Sergio González Rodríguez, In Memoriam
Lorea Canales
“Querida Lorea,
sí, después de dejarte me quedé
un poco en la desolación,
como en una ciudad abandonada,
hasta obscura a pesar de la tarde soleada.
Ya nos veremos pronto, fue sensacional verte!”
Sergio González Rodríguez (Febrero, 2008).
Así era nuestra relación, muy cariñosa, un poco cursi. Ustedes perdonen, de todas maneras esto es una historia de amor, del amor más frecuente, creo, y el menos contado, del amor no romántico, del amor que siempre fue amistad, nunca más, nunca menos y que nunca quiso ser ni más ni menos porque eso era suficiente.
Yo conocí a Sergio en 1997 cuando entré a trabajar al periódico Reforma. Yo tenía 25 años y él 47 –yo ya lo consideraba entonces un hombre mayor. Ahora tengo casi su edad. Soy una señora y él está muerto. Si yo me muero de un infarto en veinte años, mis hijas tendrán 34 y 33 y se pensará que, aunque si mi muerte fue prematura, viví una larga y buena vida.

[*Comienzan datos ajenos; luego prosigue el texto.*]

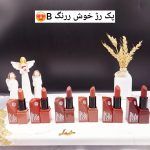 پک‌ 6تایی رژ جامد برند ROMANCE BIRD کد R4655Y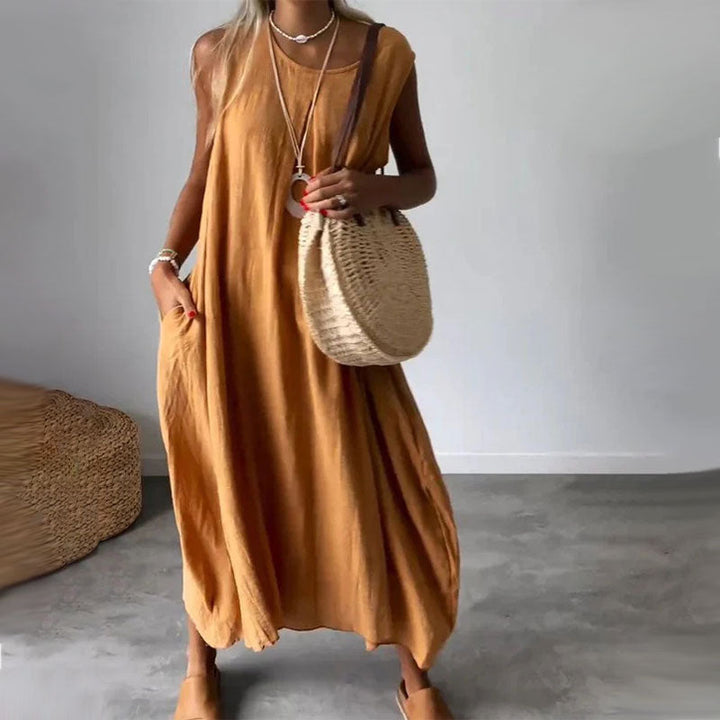 Noemi - Sleeveless Dress With Pockets
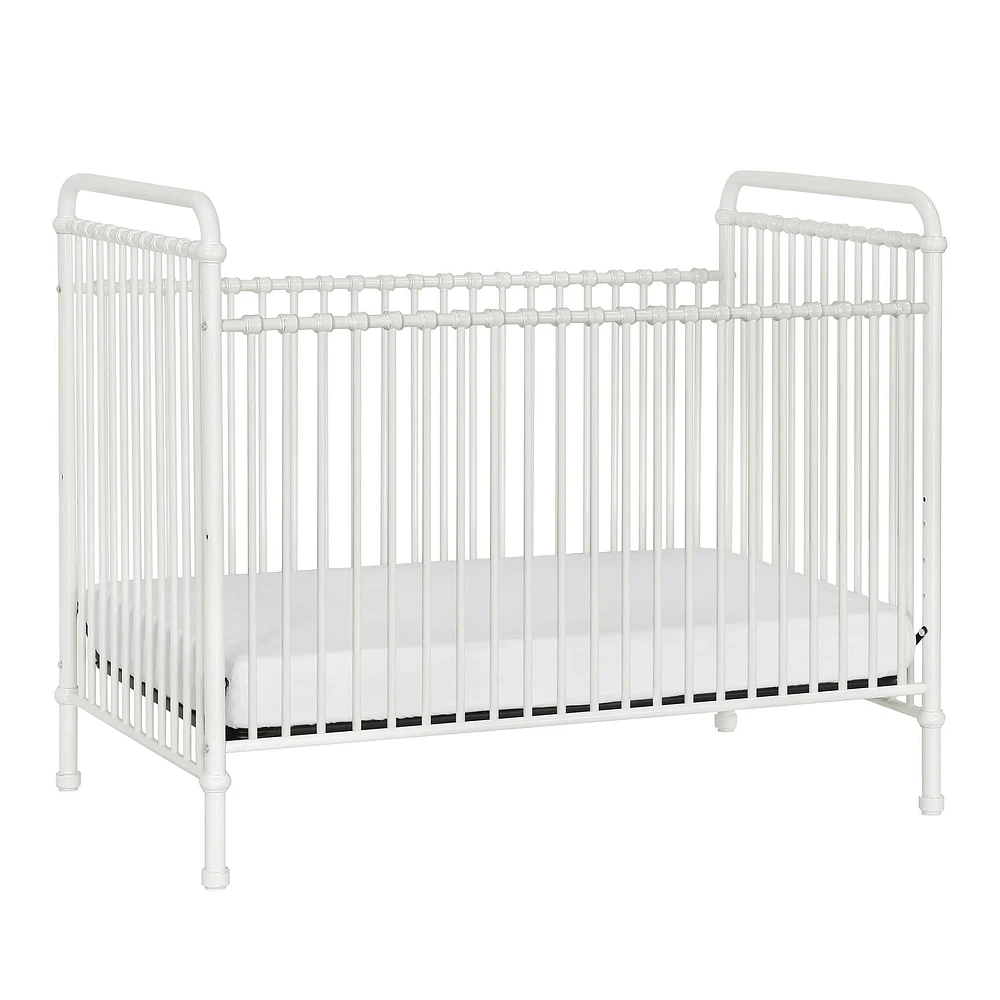 Abigail 3-in-1 Evolution Crib - Washed White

Sé que voy a extrañar a Sergio. Para mí él siempre estaba ahí, aunque viviéramos lejos, aunque nos viéramos poco; un WhatsApp, un mail y al instante conversábamos. ¿Te enteraste de…? ¿Leíste esto? ¿Qué te pareció tal o cual nota? ¿Cómo ves, corazón? Me decía él. Siempre estaba ahí, ¿y ahora? Ahora no tengo a quién marcarle, no tengo a quién escribirle. No puedo preguntarle cuál fue la canción que cantó en aquella conferencia y de la que no logro acordarme. Quiero atraparlo de alguna manera. Quiero conservarlo. No estoy lista para dejar que se vaya.

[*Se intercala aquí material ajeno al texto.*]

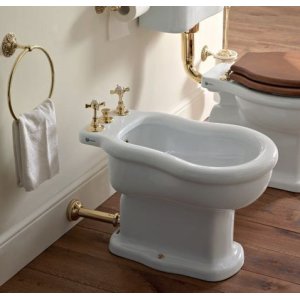 Sbordoni Palladio Bidet stojący 60,5x37 biały 7096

Cuando muere un escritor, siempre nos quedan sus obras, lo que es un gran regalo. Cuando mueren los que no escriben, ¿qué queda? ¿Unas fotos, unos muebles? ¿Unos recuerdos endebles?
“La venganza de una mano mortal”, escribió Szymborska sobre la escritura. Yo siempre tengo esos versos en mente, porque sí; los escritores pasamos la vida pegados a un escritorio y cuando nuestra vida concluye, por lo menos queda aquello que hicimos sobre ese escritorio, aquello que escribimos. Y Sergio escribió muchísimo. Sin embargo eso ahora no me consuela. Sí, al menos queda su obra, al menos podré leerlo, no se ha ido del todo. Pero Sergio para mí, más que un escritor, más que su obra, fue un amigo. Me viene el cliché ahora de amigo entrañable, quizás porque lo siento en mis entrañas, siento que se me desgarran, siento que se me ha ido una parte entrañable. Y aunque tengo nuestros correos en la memoria de mi computadora, ya jamás me va a contestar ninguno.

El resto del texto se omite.